[PROVIDED DATA]
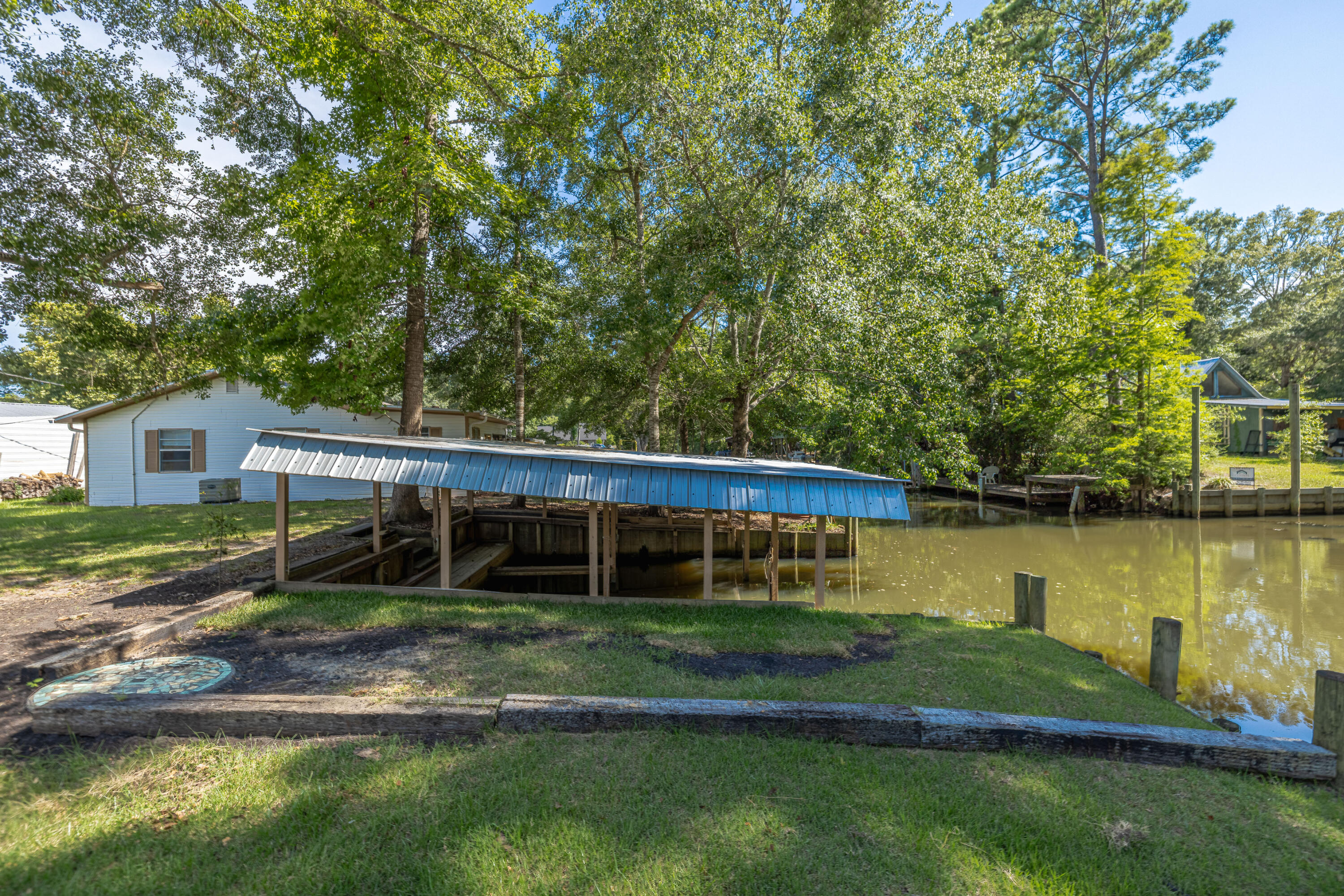 151 Swamp Haven Road Vernon FL 32462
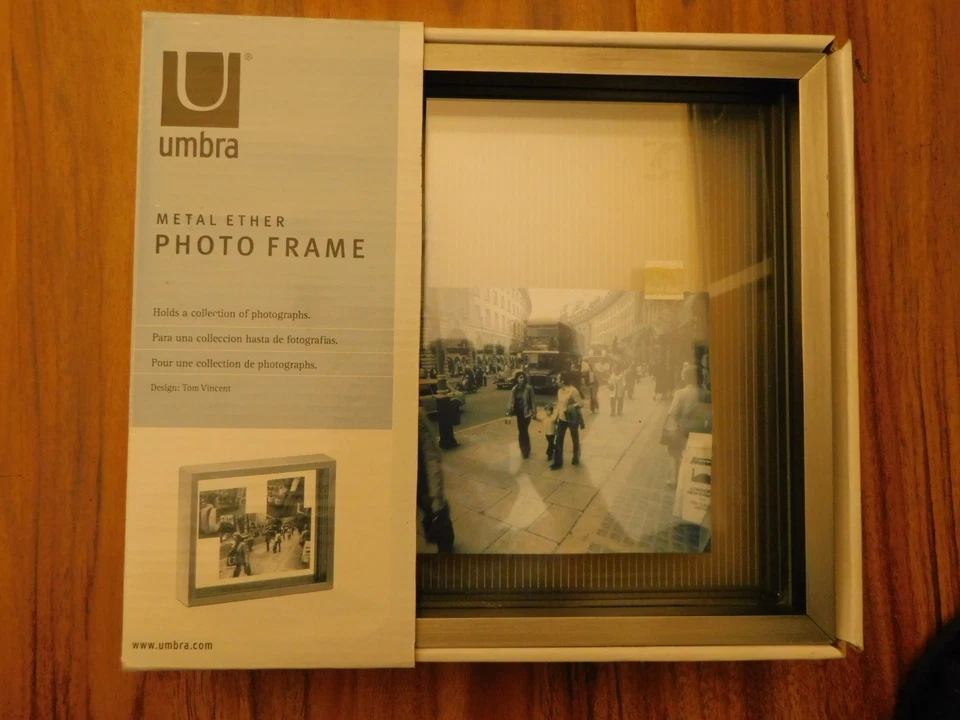 The Umbra Ether 306630-410 Metal Picture Frame Open Box - Image 1 of 1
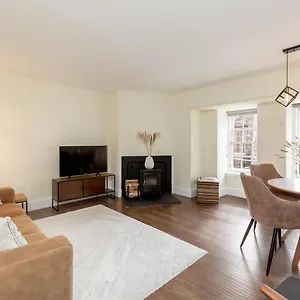 Guestready - Elegant 2br Period Flat In Oldtown Apartment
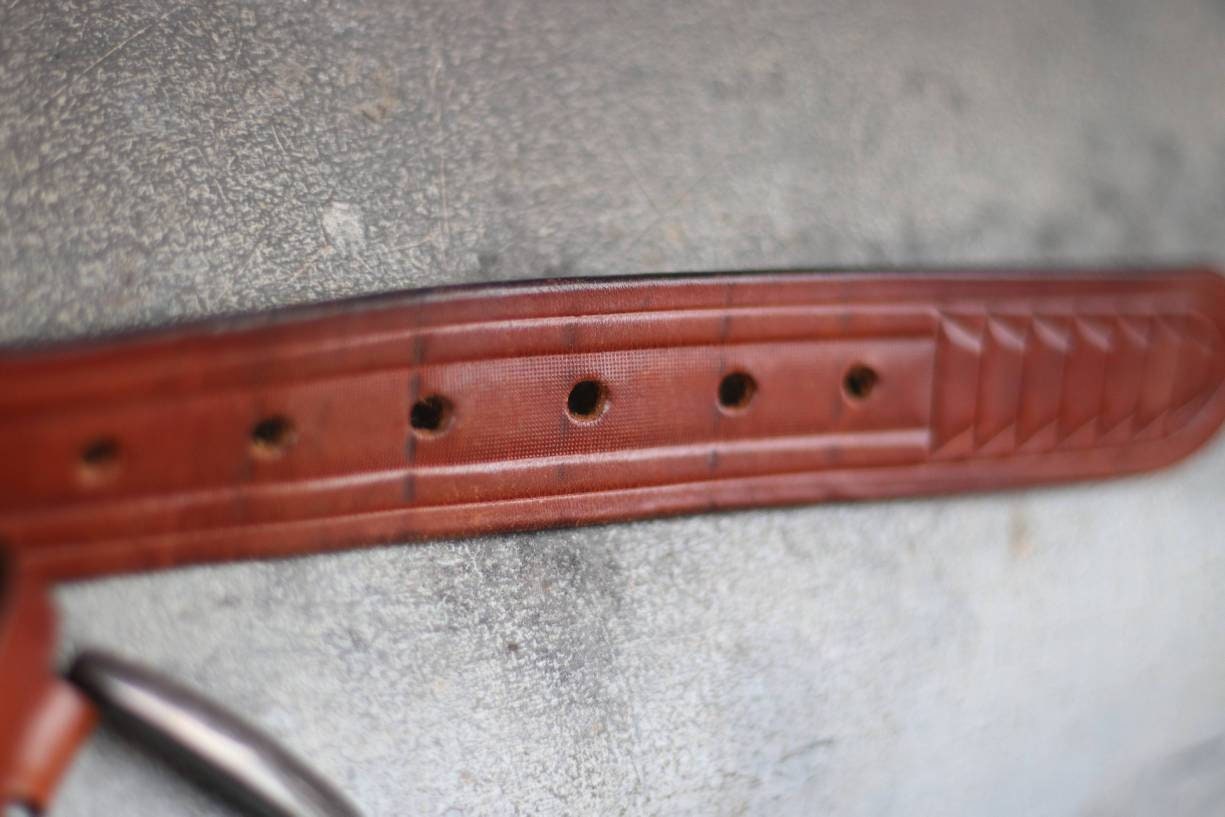 90s classic brown leather belt | Vintage brown belt with statement motif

[WHAT IS EXPECTED]
Restate the listing above word for word. Leave the images out.

[OUTPUT BELOW]
 151 Swamp Haven Road Vernon FL 32462
 The Umbra Ether 306630-410 Metal Picture Frame Open Box - Image 1 of 1
 Guestready - Elegant 2br Period Flat In Oldtown Apartment
 90s classic brown leather belt | Vintage brown belt with statement motif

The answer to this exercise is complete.